Last week, the FCC announced a procedural decision to freeze all pending applications for new low-power or full-power television broadcast stations on channel 51. The announcement also permits any of these pending applications to be modified within the next 60 days to request assignment to a lower channel.

Any discussion of television channels is complicated by the fact that each station broadcasts on a certain assigned channel, but that typically does not relate to the “channel” you tune to on your television. What we’re talking about here is the radio frequency (RF) channel, which assigns a block of the radio spectrum. Before the digital television transition, the RF channel and the tuner channel were the same; for digital transmissions, the tuner channel can be mapped to a different RF channel. Also as part of the digital transition, UHF channels 52 through 69 were taken out of service for television broadcasts and auctioned off to wireless services such as cell phones and wireless broadband.

Last spring, the licensees of the channel 52 blocks complained to the FCC that television broadcasts assigned to channel 51 were causing interference with their transmissions. Groups including the CTIA-The Wireless Association and the Rural Cellular Association (RCA) lobbied the FCC to shut down television transmissions on channel 51, and the federal agency agreed to look into the issue.

The current freezing of new applications for channel 51 is intended to stabilize the situation while the FCC studies the matter. The decision does not force any station to shut down or move to a different channel, though they can do so if they want. In fact, some wireless service companies actually paid television broadcasters to move from channels in the 52 to 69 range in advance of the digital transition, so that the wireless services could expand into those frequencies sooner. Apparently the FCC is open to similar financial incentives being offered to existing television broadcasters in this case as well.

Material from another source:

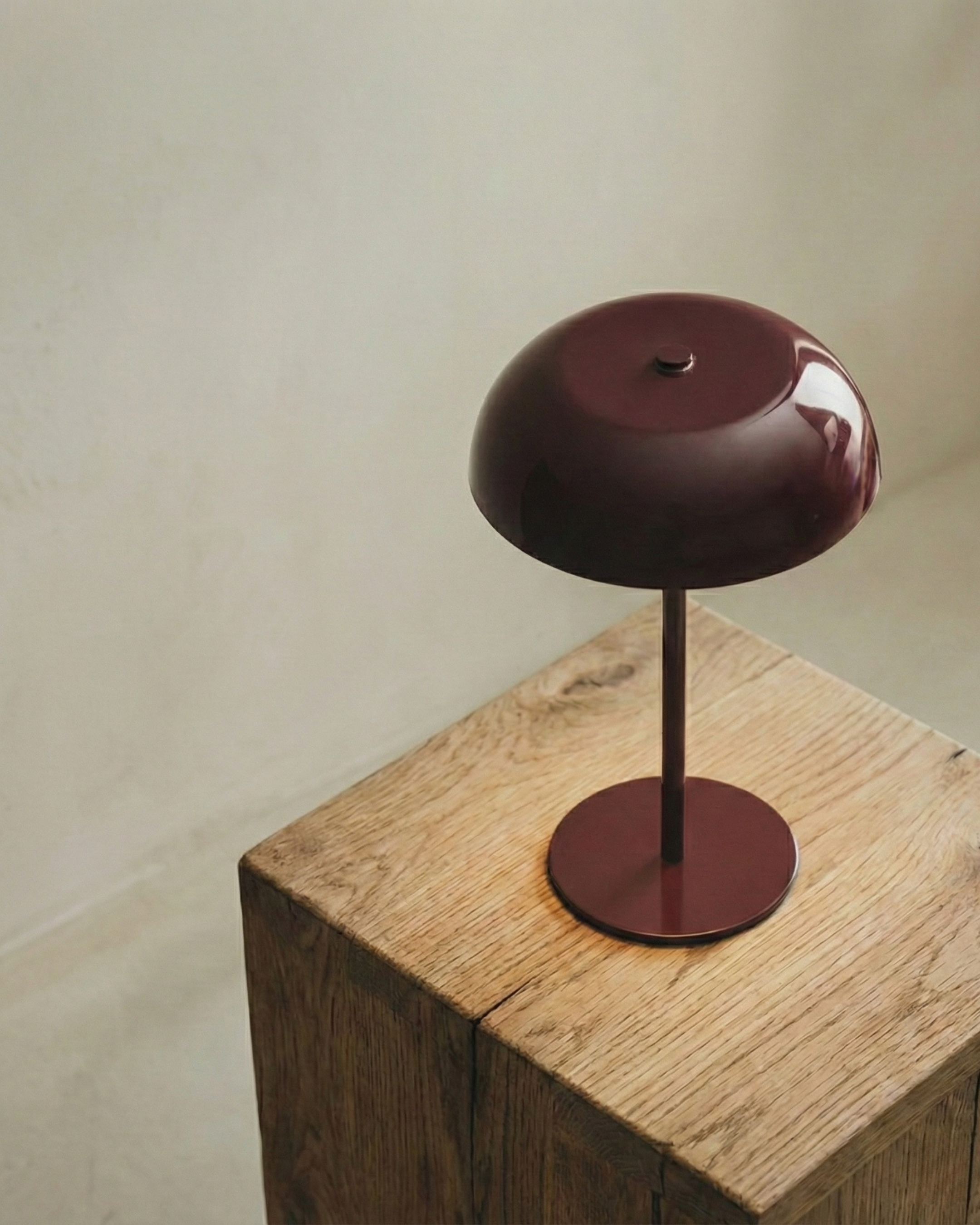 Lampe Sans Fil rouge tactile portable | MALMO Korven studio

This news does not presage the death of broadcast television, but it does illustrate how the game has been flipped upside down. Instead of being concerned with wireless transmissions interfering with television broadcasts, it would appear that the television broadcasts are taking a back seat to wireless interests. A strong case can be made that the wireless services may make better use of the radio spectrum — which is viewed as a public resource — than television, and it is likely that TV broadcasters will be under continued pressure to move to a shrinking pool of radio frequencies as time goes on.